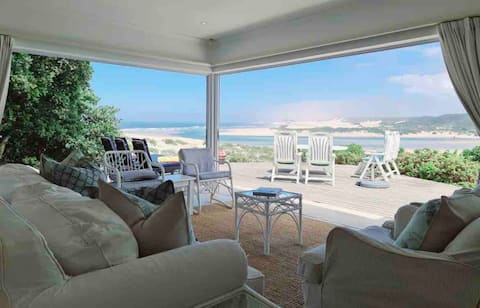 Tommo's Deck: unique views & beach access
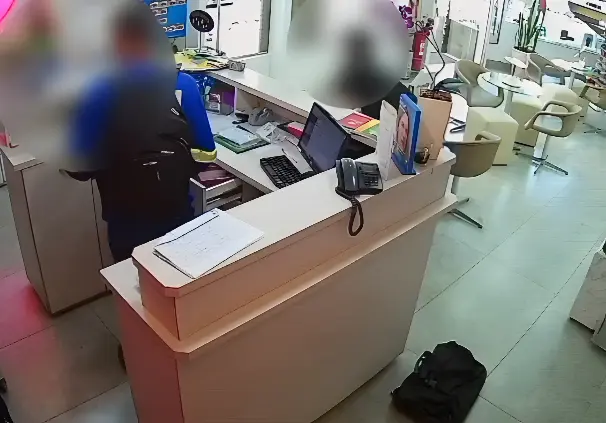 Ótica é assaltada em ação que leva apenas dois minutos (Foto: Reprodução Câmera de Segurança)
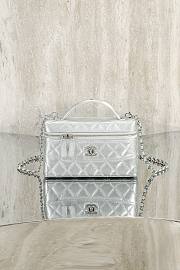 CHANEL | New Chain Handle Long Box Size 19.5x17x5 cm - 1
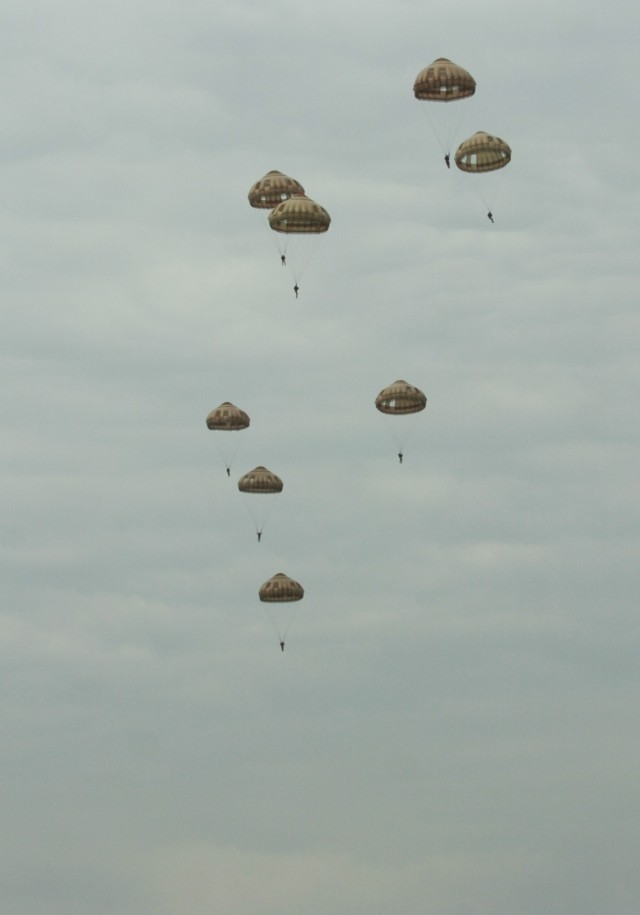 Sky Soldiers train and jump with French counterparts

==

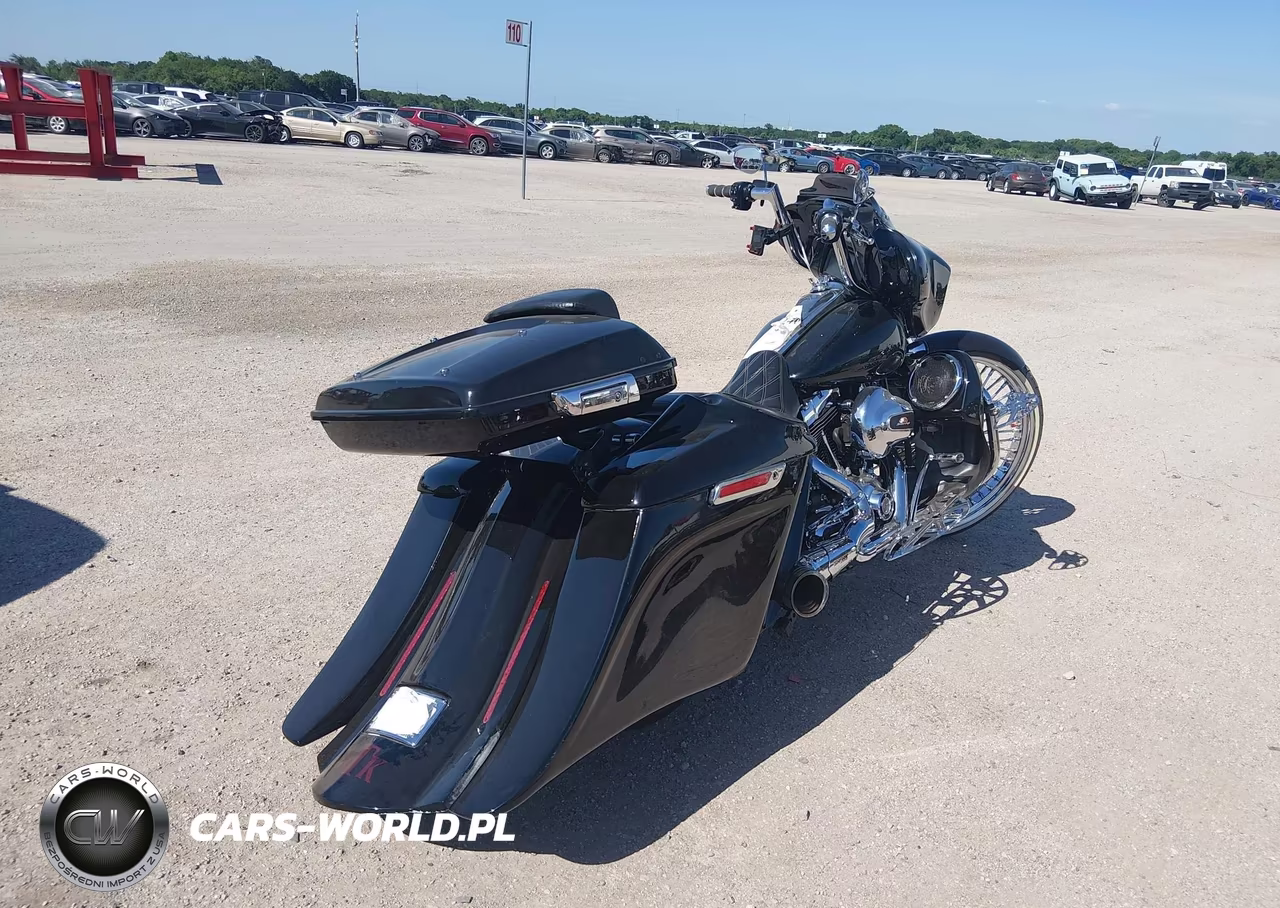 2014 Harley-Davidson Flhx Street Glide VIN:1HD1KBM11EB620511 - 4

Work order: Given the records above, return the lines starting at the one that holds "Ótica é assaltada" and ending at the one that holds "Sky Soldiers train", exactly, and nothing besides; leave every picture out.

Expected answer:
 Ótica é assaltada em ação que leva apenas dois minutos (Foto: Reprodução Câmera de Segurança)
 CHANEL | New Chain Handle Long Box Size 19.5x17x5 cm - 1
 Sky Soldiers train and jump with French counterparts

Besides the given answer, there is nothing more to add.